Supplied material –
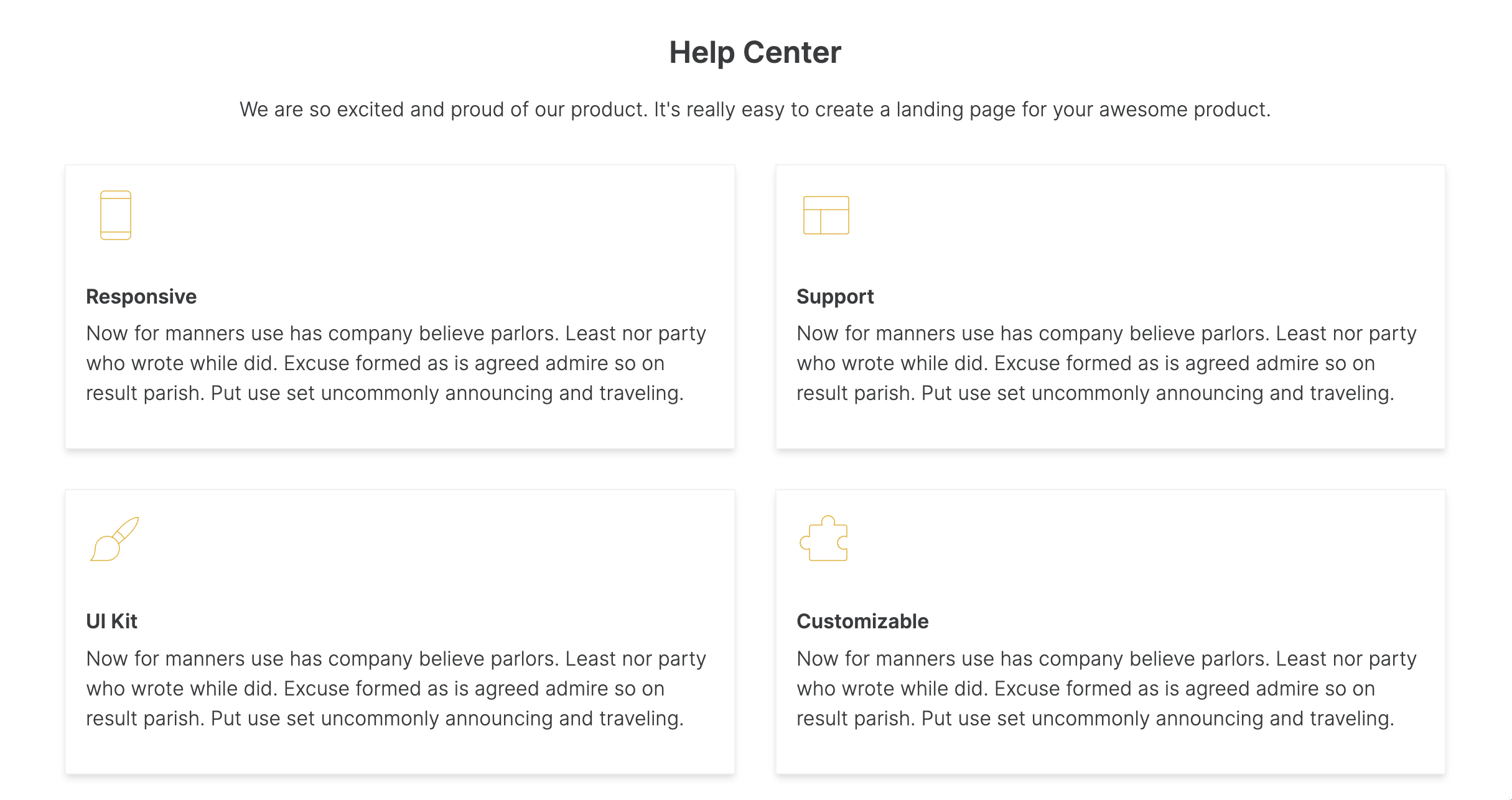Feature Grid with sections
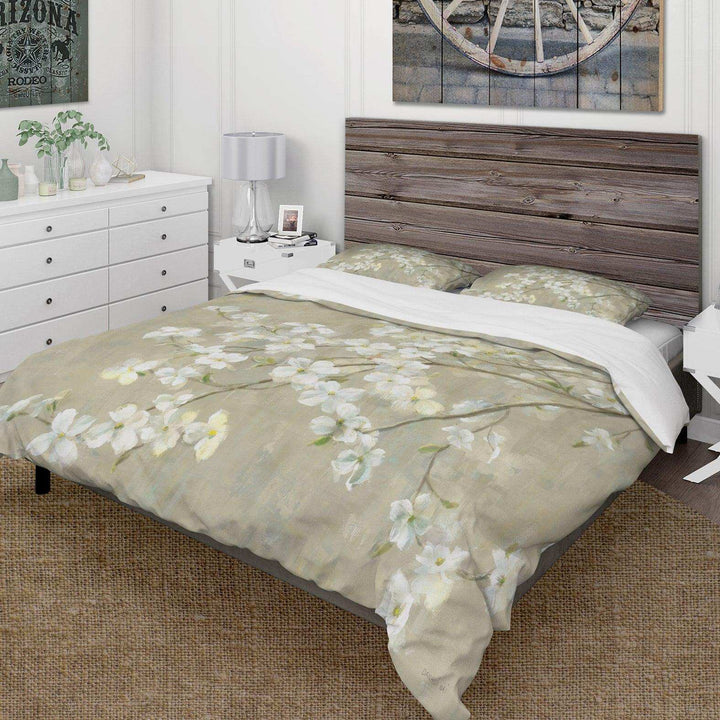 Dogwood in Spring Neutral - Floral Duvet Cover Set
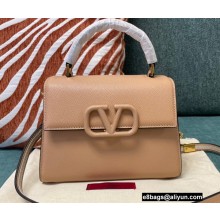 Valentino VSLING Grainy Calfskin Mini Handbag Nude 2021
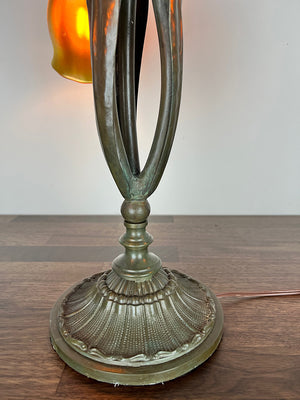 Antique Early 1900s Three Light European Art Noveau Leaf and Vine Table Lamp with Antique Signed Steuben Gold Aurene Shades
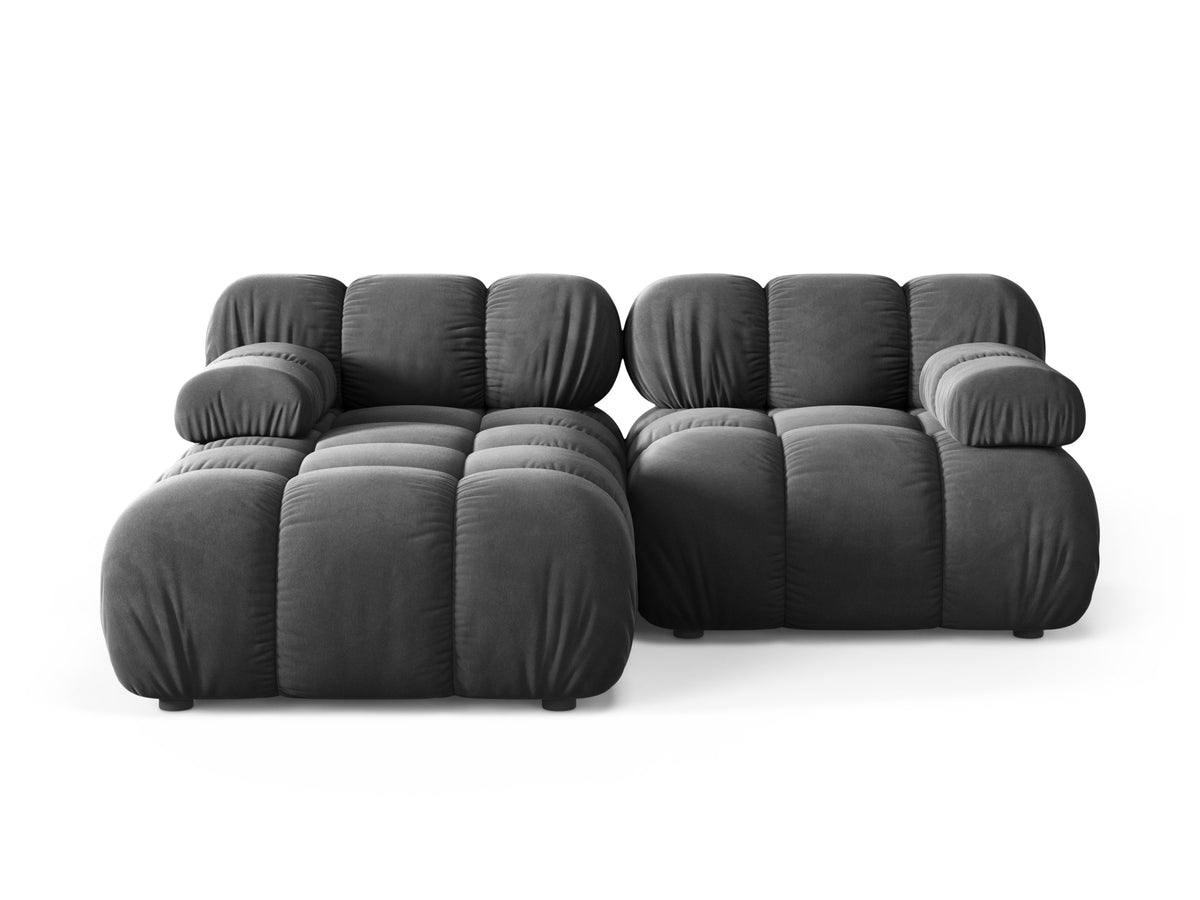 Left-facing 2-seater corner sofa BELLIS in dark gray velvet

--

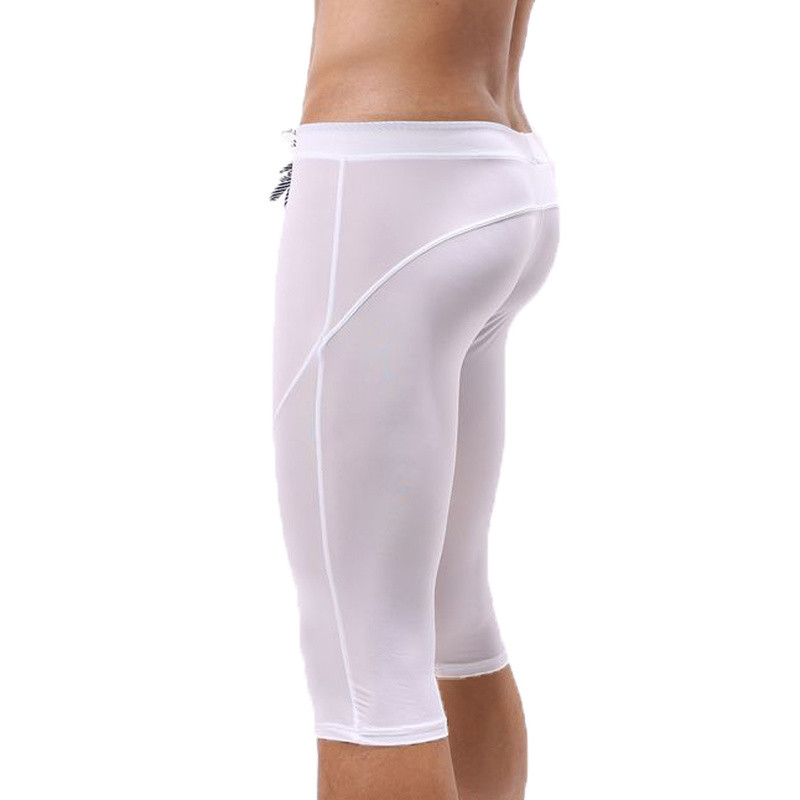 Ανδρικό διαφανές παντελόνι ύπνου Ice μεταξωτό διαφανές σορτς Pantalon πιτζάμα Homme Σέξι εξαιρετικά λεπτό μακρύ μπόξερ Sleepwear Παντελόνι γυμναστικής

Instructions for the task – Make an exact copy of the lines above, beginning with the line with "Feature Grid with sections" and ending with the line with "Left-facing 2-seater corner", and keep the pictures out of it.

Task solution –
Feature Grid with sections
 Dogwood in Spring Neutral - Floral Duvet Cover Set
 Valentino VSLING Grainy Calfskin Mini Handbag Nude 2021
 Antique Early 1900s Three Light European Art Noveau Leaf and Vine Table Lamp with Antique Signed Steuben Gold Aurene Shades
 Left-facing 2-seater corner sofa BELLIS in dark gray velvet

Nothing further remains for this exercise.